● Problem to work on: Leaving the images aside, print every record in the material exactly.

● Data supplied:
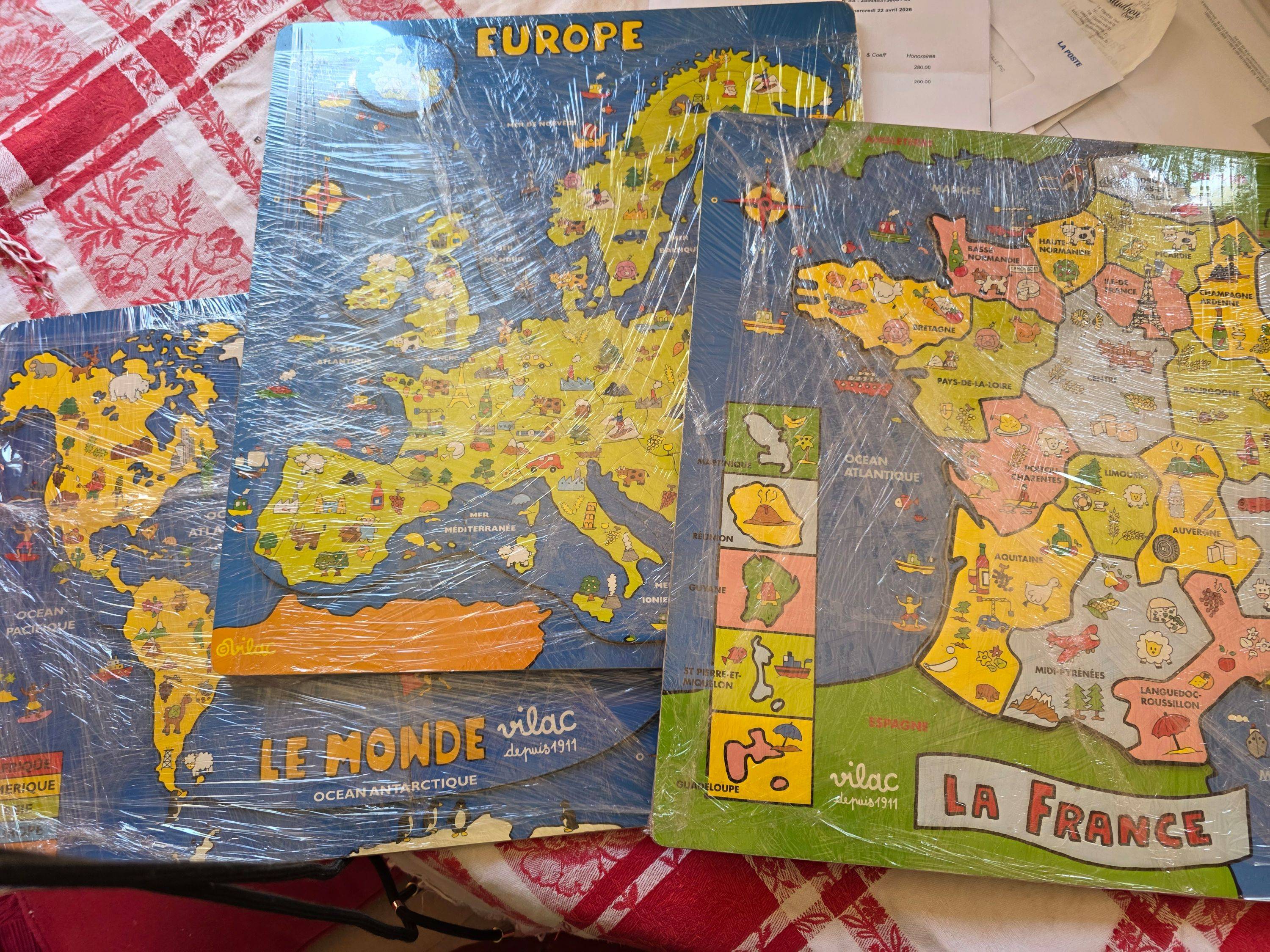Vends 3 puzzles Vilac en bois très bon état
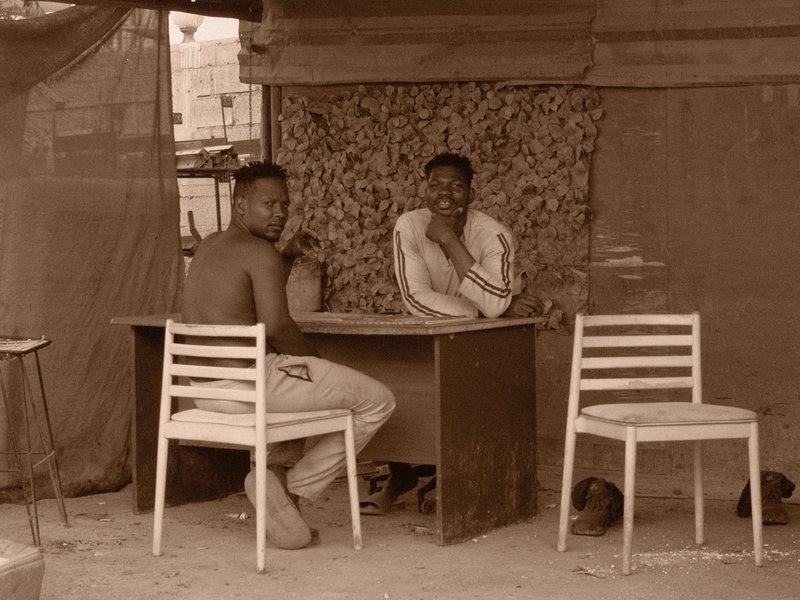 Two men seated at a table in a makeshift shelter, engaged in conversation.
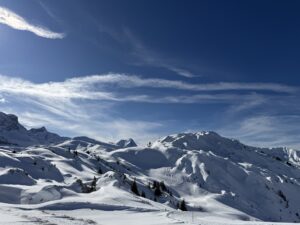 Weite Schneehänge am Betelberg im Berner Oberland mit geschwungenem Winterwanderweg durch die Hügellandschaft.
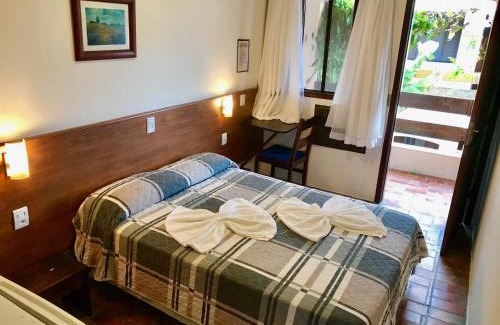 Ilha Comprida Hotel | Discover Pousada Icaraí: Oceanfront Gem with Pool Access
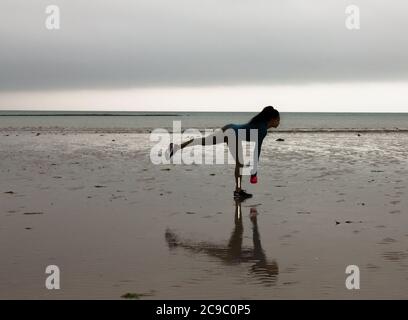 Shanagarry, Cork, Ireland. 30th July, 2020. Personel trainer Zoe McCurdy doing her early morning workout on Ardnahinch Beach near Shanagarry, Co. Cork, Ireland.- Credit; David Creedon / Alamy Live News Stock Photo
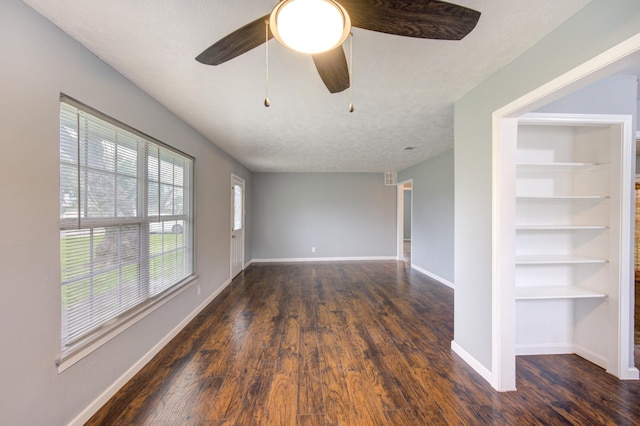 empty room featuring ceiling fan, a textured ceiling, built in features, baseboards, and dark wood-style floors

● Task output:
Vends 3 puzzles Vilac en bois très bon état
 Two men seated at a table in a makeshift shelter, engaged in conversation.
 Weite Schneehänge am Betelberg im Berner Oberland mit geschwungenem Winterwanderweg durch die Hügellandschaft.
 Ilha Comprida Hotel | Discover Pousada Icaraí: Oceanfront Gem with Pool Access
 Shanagarry, Cork, Ireland. 30th July, 2020. Personel trainer Zoe McCurdy doing her early morning workout on Ardnahinch Beach near Shanagarry, Co. Cork, Ireland.- Credit; David Creedon / Alamy Live News Stock Photo
 empty room featuring ceiling fan, a textured ceiling, built in features, baseboards, and dark wood-style floors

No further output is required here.